Oxford City Council has been awarded funding to work with Transition by Design and Oxfordshire Community Land Trust and develop a blueprint for reclaiming disused land for innovative council housing.
An award of £19,994 from the Housing Advisers Programme (HAP) will help the council expand on a community-led pilot project to demolish a row of derelict garages and build four new zero carbon council homes in Champion Way. Planning permission for this project was granted in November.
Around 600 of the council’s 2,000 garages are vacant. The HAP funding will be used to unlock the potential for building new homes on these sites and other unused pockets of land owned by the council. This will provide a pipeline of five sites which could yield around 30 homes.

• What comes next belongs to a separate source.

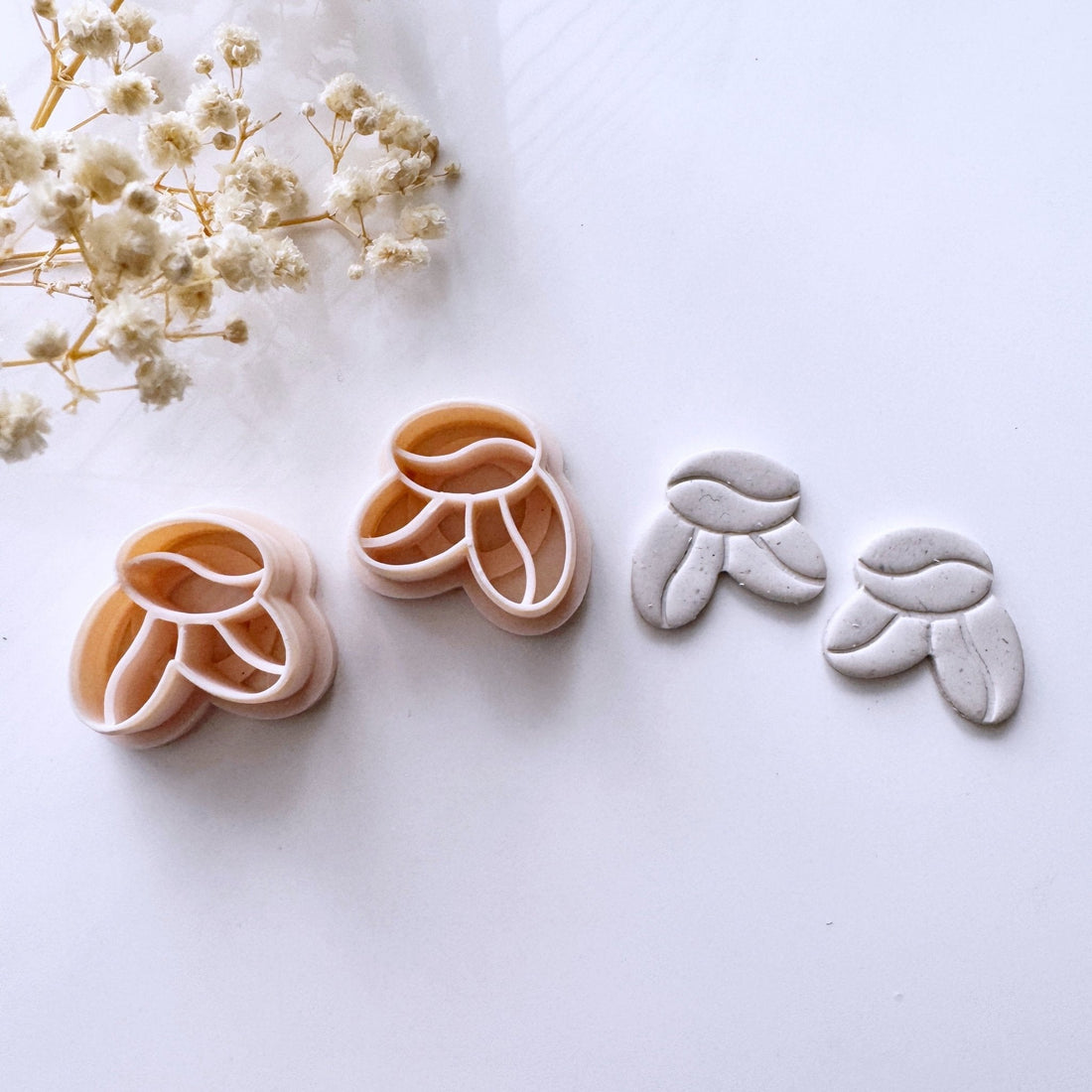 Coffee beans cutter set - Goat Corp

HAP funding will also enable the council to develop a range of approaches for working with communities to build sustainable homes on difficult brownfield sites. These could include using modular construction to build meanwhile homes as move-on accommodation before developing a site for permanent council housing.
The first stage of the project will harness Transition by Design’s expertise in using innovative ways of building low carbon homes on small and complicated urban sites. A feasibility study will map all of the council’s garage sites and other unused land to identify their suitability for new homes, with five sites brought forward for community-led design and planning work.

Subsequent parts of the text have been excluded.